我上國中,國家取消了國中學外語的規定,所以我到高中以後才學的外語。
58年,大躍進的年代,進入高中,一個月的預備班後就要進行文理分班。高一四個班,兩個理科班,兩個文科班。文理分科我那一屆是首次進行。我不喜歡文科,要學理科。當時理科兩個班全學俄語,文科一個班學俄語,一個班英語。我父親要我學英語,我自己想學俄語,這是受姐姐的影響。我就以怕分到文科班為理由,填寫志願時填了俄語。那時候,輕文重理,“學會數理化,走遍天下都不怕”。還有一個錯誤思想――“學文的,都是學習不好的”。不像現在,學文的,多吃香啊,上《百家講台》的不都是文人?現在哪一個不是名利雙收?而搞飛彈的還不如賣茶葉蛋的呢?

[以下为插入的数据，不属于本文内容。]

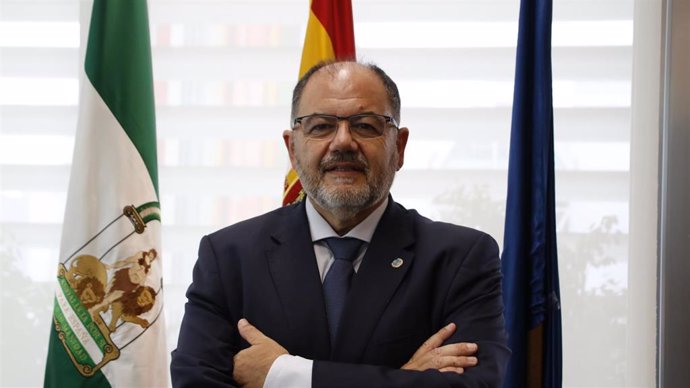 El director general de Planificación de la Investigación, Librado Carrasco.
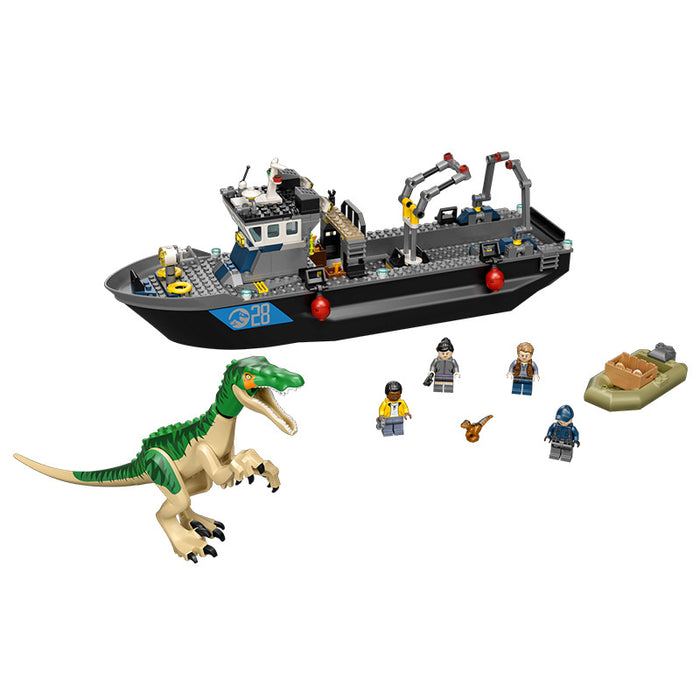 Jurassic World Dinosaur Toys For Kids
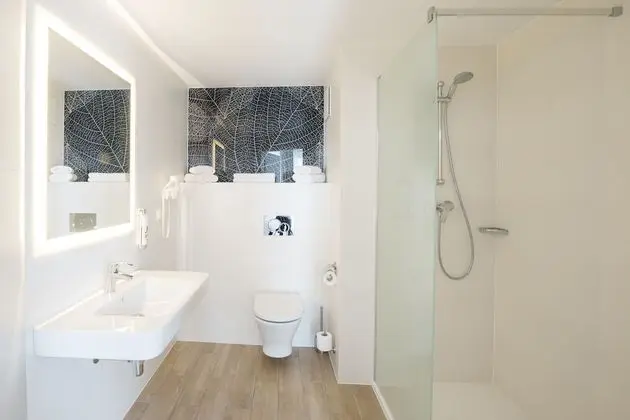 Standard Tek Büyük Yataklı Oda, 1 Çift Kişilik Yatak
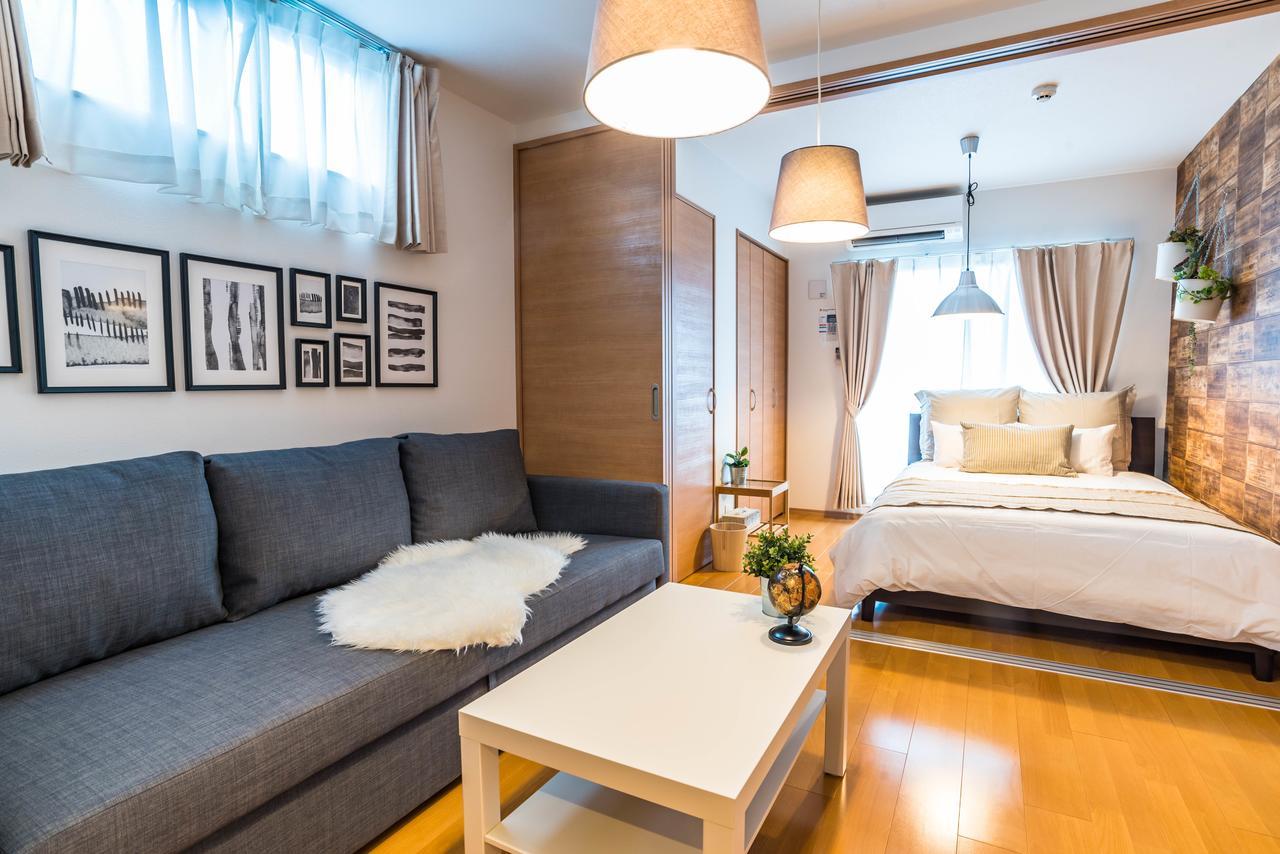 Fds Bijou Suites Ōsaka Eksteriør bilde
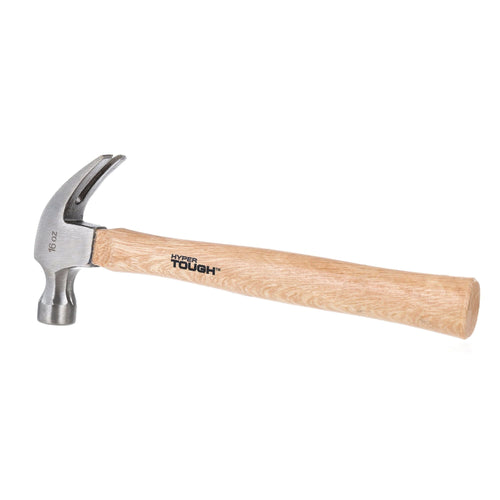 Hyper Tough 16 Ounce Wood Hammer EasyOptionXY LLC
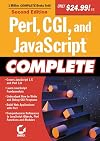 Perl, CGI, and JavaScript Complete, 2nd Edition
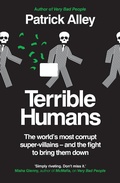 Cover: Terrible Humans - Monoray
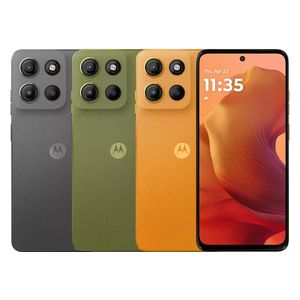 Motorola Moto G15 - 6.72 inch, LCD, 60 Hz - MediaTek Helio G81 Extreme - 5200 mAh, 18W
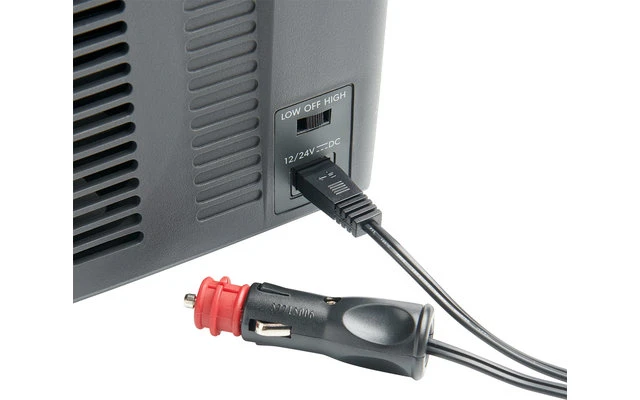 Dometic TropiCool TCX 14 Tragbare thermoelektrische Kühlbox 15 Liter Dometic TropiCool TCX 14 Tragbare Thermoelektrische Kühlbox 15 Liter -Campingausrüstung 410540 4482323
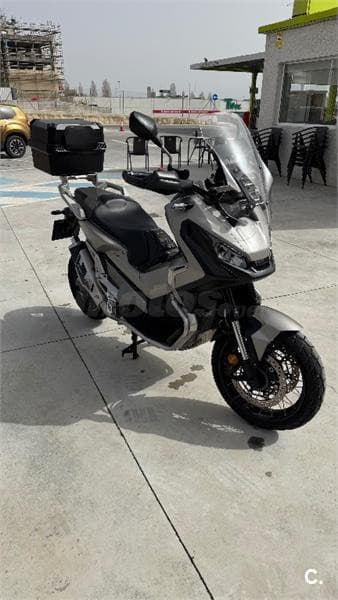 Honda X-ADV – Vista 1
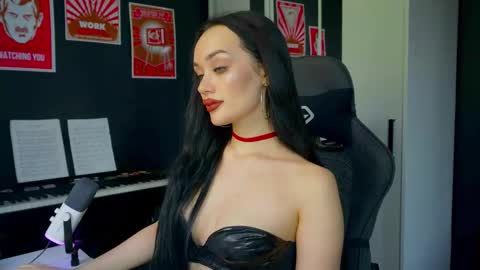 Your world and the universe Aliss online show from 20, 9, 2025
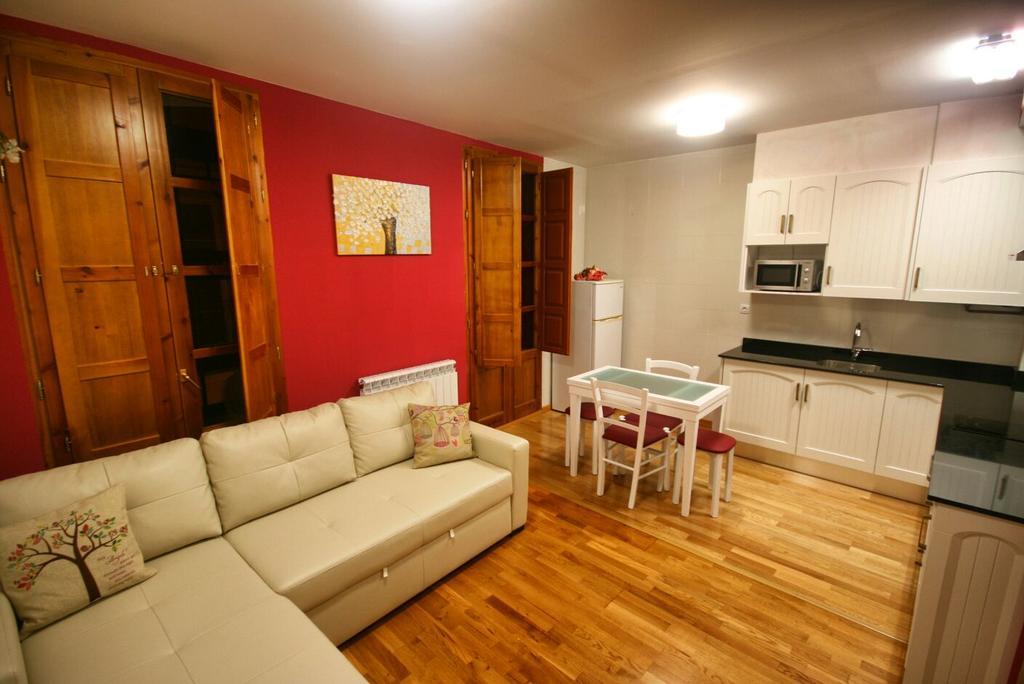 El Mirador Del Rioja, Zona Laurel Apartment Logrono Bagian luar foto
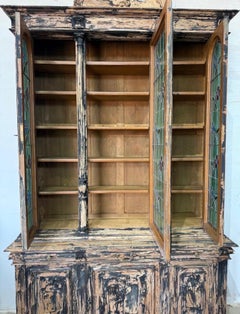 French 18th Century Louis XIII Bookcase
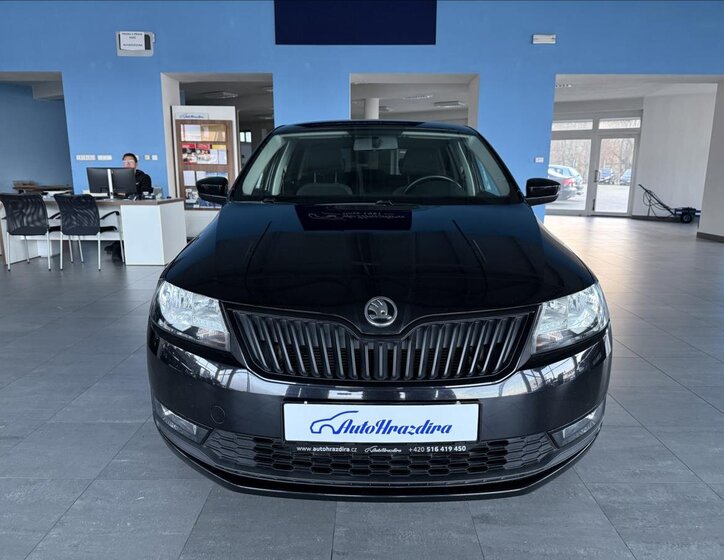 Škoda Rapid Hatchback 999,0 70 kw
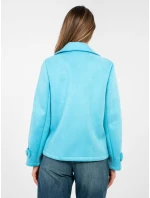 Bunda IT KR 97335.02 svetlo modrá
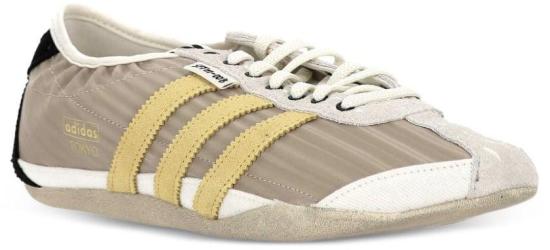 26SS 아디다스 스니커즈 KJ4401OFFWHITEYELLOWBLACK TAUPE - ADIDAS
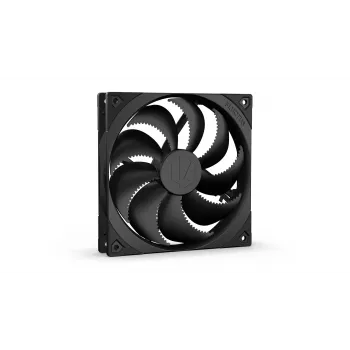 ENDORFY Fluctus 140 PWM 140 mm korpuso ventiliatorius – juodas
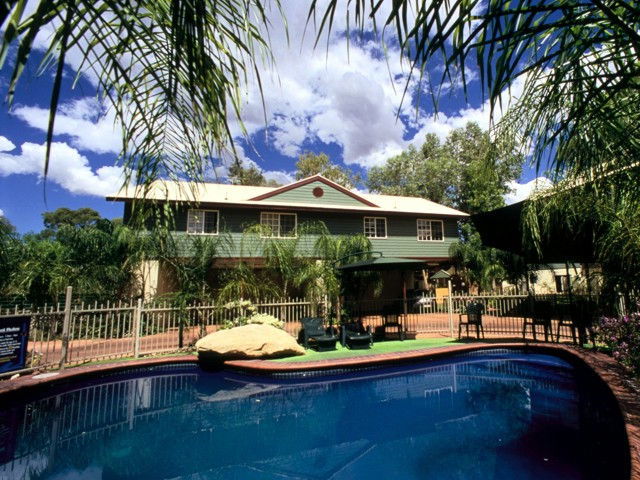 Alice Springs NT Hobart Tourism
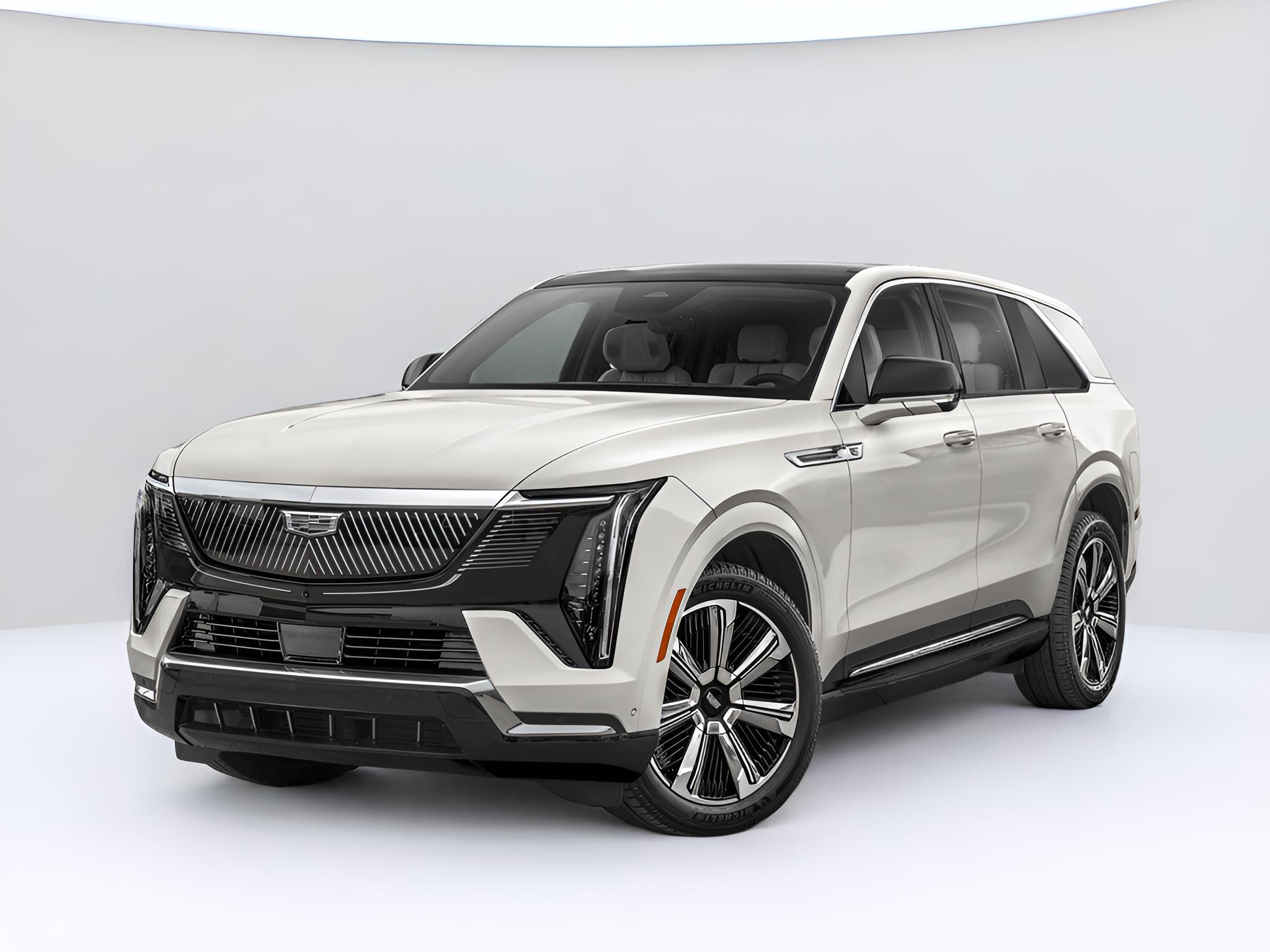 2026 Cadillac ESCALADE IQ Luxury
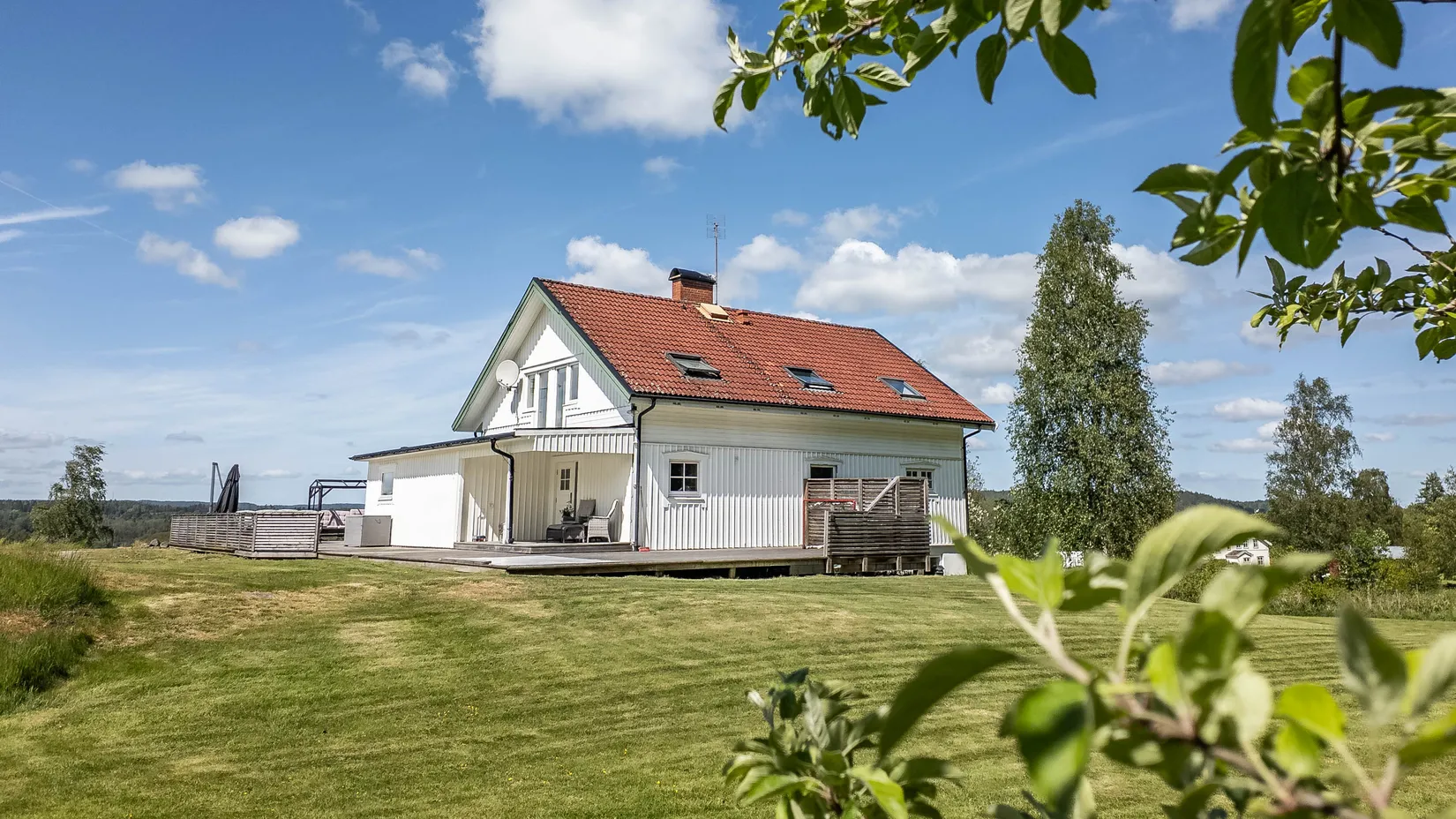Gård/Skog, Skönningared 373, Älvängen, Ale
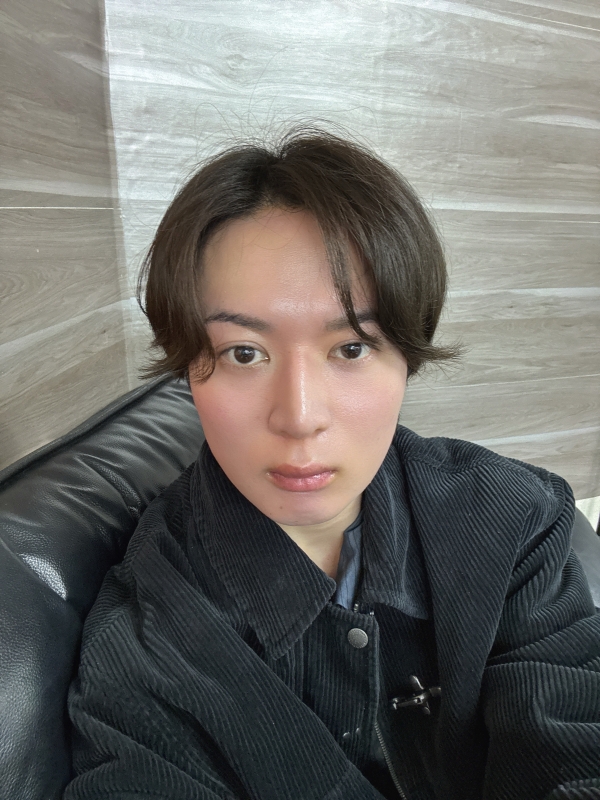 YONA(ﾖﾅ) 初出勤です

就這樣我被分到學習俄語的理科班――高一丙班,甲班是文科班。雖然“文理分科”,實際上我們學的課程幾乎一模一樣。甲班喜歡文的多,數理化不好,所以甲班是四個班中平均學習成績最差的一個班(四個班相比)。
最初接觸的總是記得最牢的。我國小語文第一課就是:“鴿子的記性好,住的地方記得牢”。我俄語課本的第一課也到現在還記得,是:“MAMADOMA?DA,MAMADOMA。”。無法用俄語寫,寫了好多人也不認識,所以我用的是拼音注音。其意思是:“媽媽在家嗎?是的,媽媽在家。”第二課就記不得了。
沒有多久,上海師範大學來了一男一女兩個大學畢業實習生帶我們學俄語。我學習外語的列車車輪開始滾動了,汽笛已拉響,列車已出發。